Kurdistan is a large region of mountains and plateaus of about 74,000 square miles (192,000 sq. km), about the size of Nebraska, stretching from southeastern Turkey, northeastern Iraq, northwestern Iran and small portions of northeast Syria and Azerbaijan. It is inhabited mostly by Kurds, an overwhelmingly Sunni Muslim people whose ethnic origin is believed to be central Asian and closest to Iranians.
Large communities of Kurds can be found in Azerbaijan, Israel, Lebanon, Afghanistan and the former Soviet republic of Georgia. The most sizeable communities are in Turkey (about 14 million, many of whom are well integrated), Iraq (4 to 6 million), Iran (4 to 6 million) and Syria (1 to 2 million). The numbers are uncertain because national governments have usually undercounted Kurds to downplay their large minority status and Kurds’ calls, going back to the beginning of the 20th century, at the end of Ottoman Turkish rule, for their own land.
In all, however, Kurds are estimated to number between 20 million and 25 million, making them the fourth-largest ethnic group in the Middle East behind Arabs, Turks and Iranians, and the largest stateless people in the world.
The West’s Successive Betrayals
Woodrow Wilson had recognized Kurds’ right to a country of their own in his Fourteen Points. The 12th had stated that “nationalities which are now under Turkish rule should be assured an undoubted security of life and an absolutely unmolested opportunity of autonomous development.”

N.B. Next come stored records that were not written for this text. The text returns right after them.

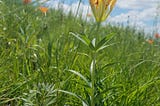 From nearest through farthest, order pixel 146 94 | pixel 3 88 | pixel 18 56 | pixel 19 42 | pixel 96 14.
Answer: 1. pixel 96 14
2. pixel 3 88
3. pixel 146 94
4. pixel 18 56
5. pixel 19 42

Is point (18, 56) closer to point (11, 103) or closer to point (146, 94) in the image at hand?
point (11, 103)

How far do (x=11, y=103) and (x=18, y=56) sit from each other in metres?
0.31

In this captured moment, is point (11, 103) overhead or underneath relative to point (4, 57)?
underneath

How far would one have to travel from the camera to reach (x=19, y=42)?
6.07 feet

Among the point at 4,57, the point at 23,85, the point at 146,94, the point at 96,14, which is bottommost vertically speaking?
the point at 146,94

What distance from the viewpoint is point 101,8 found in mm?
1070

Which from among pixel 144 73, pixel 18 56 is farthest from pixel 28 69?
pixel 144 73

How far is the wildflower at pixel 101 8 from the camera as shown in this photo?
107cm

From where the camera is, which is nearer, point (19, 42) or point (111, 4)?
point (111, 4)

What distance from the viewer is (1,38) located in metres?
1.92

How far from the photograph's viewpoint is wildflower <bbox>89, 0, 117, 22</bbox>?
107 centimetres

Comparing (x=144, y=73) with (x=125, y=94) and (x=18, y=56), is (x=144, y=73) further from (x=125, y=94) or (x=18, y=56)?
(x=18, y=56)

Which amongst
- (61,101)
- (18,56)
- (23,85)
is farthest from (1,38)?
(61,101)

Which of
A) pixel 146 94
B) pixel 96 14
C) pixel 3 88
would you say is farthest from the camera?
pixel 146 94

The 1920 Treaty of Sevres made the call for an independent Kurdistan explicit. A commission composed of British, French and Italian representatives, the treaty’s Article 62 stated, was to draft within six months “a scheme of local autonomy for the predominantly Kurdish areas lying east of the Euphrates, south of the southern boundary of Armenia as it may be hereafter determined, and north of the frontier of Turkey with Syria and Mesopotamia,” as Iraq was then known. Syria, Lebanon, Iraq, Kuwait and Jordan were carved out of the Ottoman empire by those means. Kurdistan never was.
The result has been an unhappy century for Kurds in Iraq, Iran, Turkey and Syria, where they’ve suffered chronic persecution and, in many cases, second-class status. By 1924, Kurdish culture and language was banned in Turkey as part of Mustafa Kemal Ataturk’s modernization and unification of Turkey under one culture. Syria stripped a fifth of Kurds of their citizenship in 1962, following a controversial census.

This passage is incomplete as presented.